COVID-19: Responsive Teaching and Learning in Anthropology
(This document is available for viewing and sharing at http://bit.ly/AAAtips)
Angela Jenks, Associate Professor Teaching and Director of Undergraduate Studies in the Department of Anthropology at UC Irvine; Editor-in-Chief of Teaching and Learning Anthropology
Nell Koneczny, Accessibility & Meetings Coordinator, American Anthropological Association
Michael Wesch, Professor at Kansas State University and Co-creator of ANTH101.com
Due to COVID-19, many anthropology instructors are transitioning to online teaching. How can we respond to the CV19 moment while staying true to our core pedagogical goals and values? In this two-part webinar from the American Anthropological Association, you will learn ways to:
- Save time and frustration for you and your students so you can focus on what matters;
- Build engaging and profound learning material quickly and relatively easily;
- Create a weekly rhythm that is consistent and predictable for students (and you);
- Create a stronger sense of social presence and community
- Build in flexibility that accommodates student needs without creating more busy work and chaos for instructors;
- Maximize accessibility for a wide range of students and technologies;
- Create assignments that don’t just feel like “busy work” and may help students use the tools of anthropology to understand and navigate the world at this time;
- Create assessment practices that encourage deep learning and reflection.

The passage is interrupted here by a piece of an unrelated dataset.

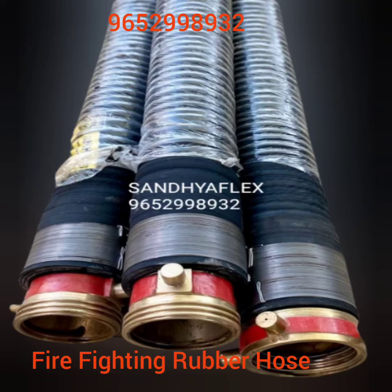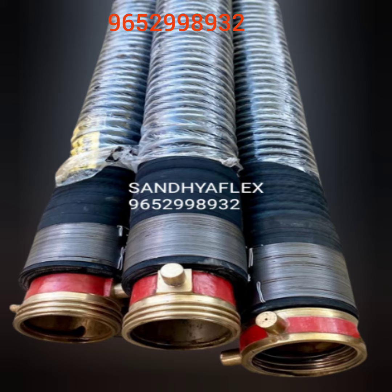Firefighting rubber hose section is 100 mm ID, 2.5 meter length. Both sides male and female coupling as per IS902. Both sides armoured with armoured male and female coupling.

Wednesday, March 18, 2020, 1pm ET/10am PT
Access the video from Part 1 of the webinar here.
- Start with why not what or how.
- Mike’s Why: Create voracious self-learners who lean into difference
- Show them great free materials (podcasts, documentaries, books, etc.)
- Help them find a rhythm and way to work it into a busy life
- Create “challenges” (assignments) that get them practicing in their daily life
- Build a passionate learning community where passion for learning spreads
- What: Podcasts, Passionate readings, Great Conversations
- Reconsider your goals and broad student needs. We can’t expect everything to continue as normal, but our classes can offer familiar routine and an opportunity to connect with others in a frightening and uncertain situation. How can our classes care for students in this moment?
Build Community (and a sense of normalcy)
- Create a welcome video and share something about yourself. Then invite students to do the same. (I usually kick off the semester with a “3 things about me” video, but if you are shifting mid-semester due to CV-19, you might create a video about the space you are working from during social distancing. Show them around. Then invite them to show their space. (You can see Wesch’s example on the ACUE online teaching toolkit)
- Include captions, whether open (directly embedded in the video) or closed (can be turned on and off by the video player, i.e., YouTube).
- Provide audio description, whether in-the-moment visual descriptions or as additional text provided in the video (or an additional audio track if you want to get fancy).
- Note: This is required for blind, low-vision, and students solely using audio files.
- If you struggle to be on camera, think of it as connecting rather than performing.
- Be “present” in your class. This can happen through weekly video or podcast introductions, comments in discussion boards, and feedback to students. (Set expectations and limits on this - see self-care below)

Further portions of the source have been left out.